BEGIN Recorded data
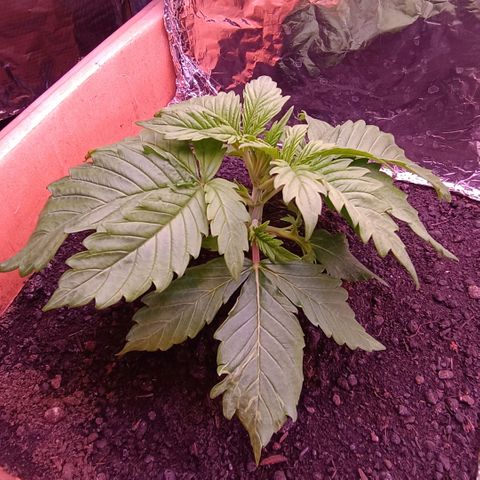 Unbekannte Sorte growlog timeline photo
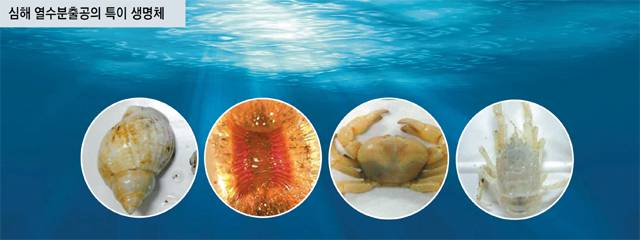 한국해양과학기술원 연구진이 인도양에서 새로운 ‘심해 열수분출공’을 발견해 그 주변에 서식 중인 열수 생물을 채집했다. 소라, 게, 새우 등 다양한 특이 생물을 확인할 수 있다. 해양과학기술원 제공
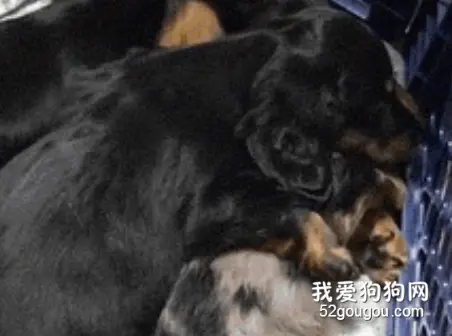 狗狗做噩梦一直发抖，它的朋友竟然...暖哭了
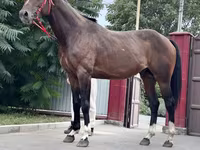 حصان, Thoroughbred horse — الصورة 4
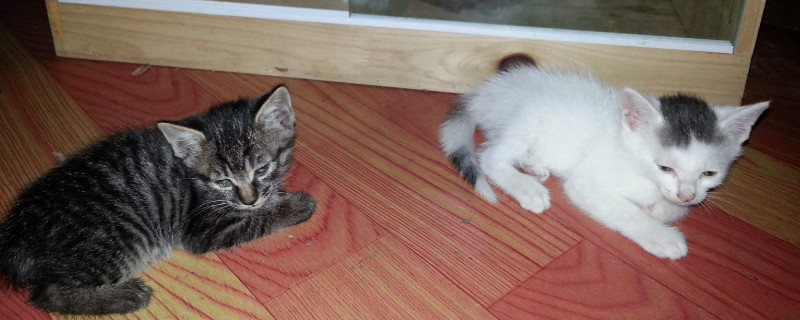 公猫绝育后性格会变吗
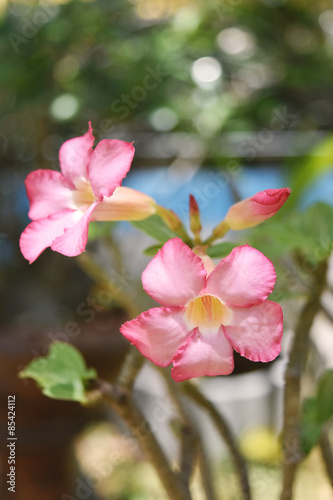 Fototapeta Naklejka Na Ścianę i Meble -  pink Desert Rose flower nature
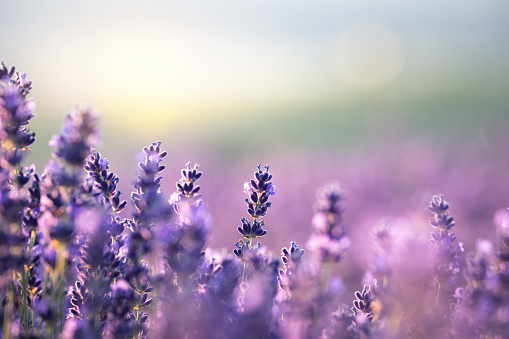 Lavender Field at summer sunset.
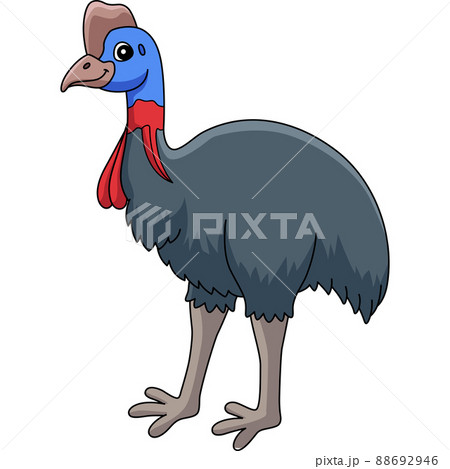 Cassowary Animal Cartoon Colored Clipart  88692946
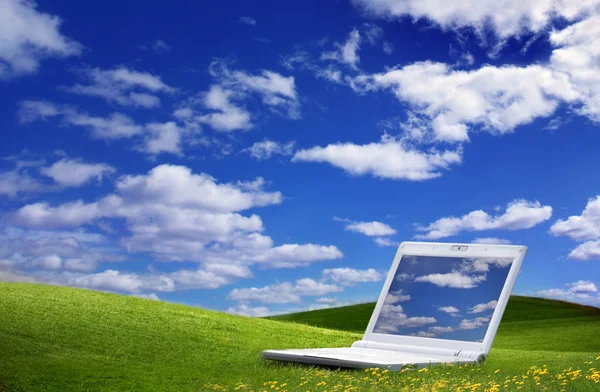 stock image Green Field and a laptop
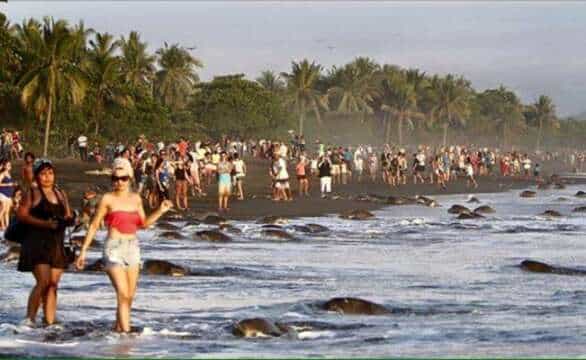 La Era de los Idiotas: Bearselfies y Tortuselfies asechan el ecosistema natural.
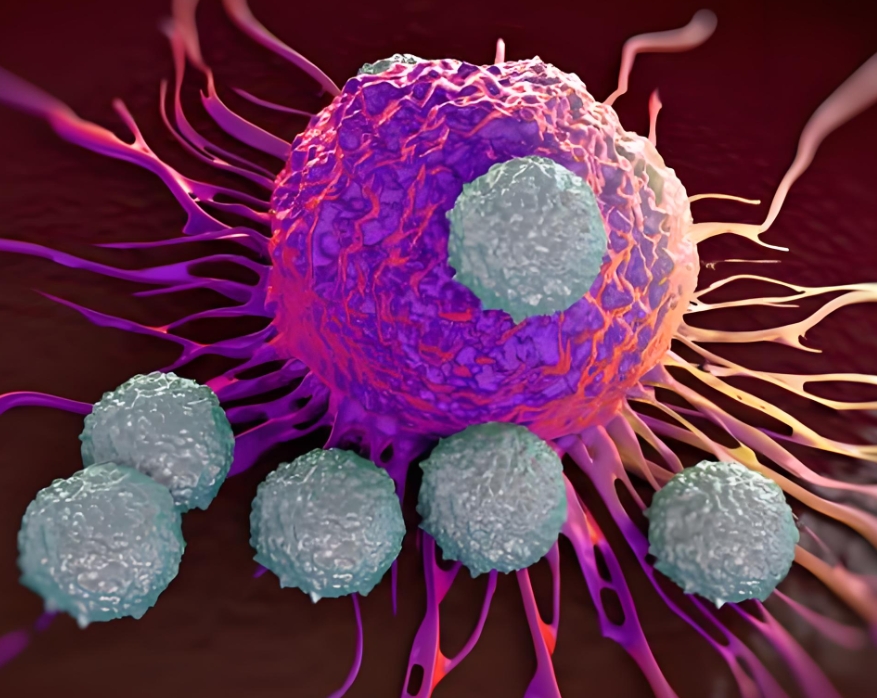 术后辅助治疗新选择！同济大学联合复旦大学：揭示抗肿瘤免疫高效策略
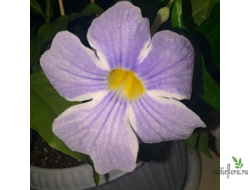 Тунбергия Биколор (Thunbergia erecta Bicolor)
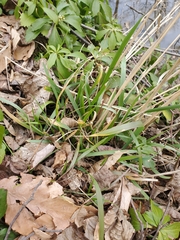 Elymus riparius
END Recorded data
- Problem statement
Output the complete listing exactly. Pictures stay out.

- Result of the exercise
 Unbekannte Sorte growlog timeline photo
 한국해양과학기술원 연구진이 인도양에서 새로운 ‘심해 열수분출공’을 발견해 그 주변에 서식 중인 열수 생물을 채집했다. 소라, 게, 새우 등 다양한 특이 생물을 확인할 수 있다. 해양과학기술원 제공
 狗狗做噩梦一直发抖，它的朋友竟然...暖哭了
 حصان, Thoroughbred horse — الصورة 4
 公猫绝育后性格会变吗
 Fototapeta Naklejka Na Ścianę i Meble -  pink Desert Rose flower nature
 Lavender Field at summer sunset.
 Cassowary Animal Cartoon Colored Clipart  88692946
 stock image Green Field and a laptop
 La Era de los Idiotas: Bearselfies y Tortuselfies asechan el ecosistema natural.
 术后辅助治疗新选择！同济大学联合复旦大学：揭示抗肿瘤免疫高效策略
 Тунбергия Биколор (Thunbergia erecta Bicolor)
 Elymus riparius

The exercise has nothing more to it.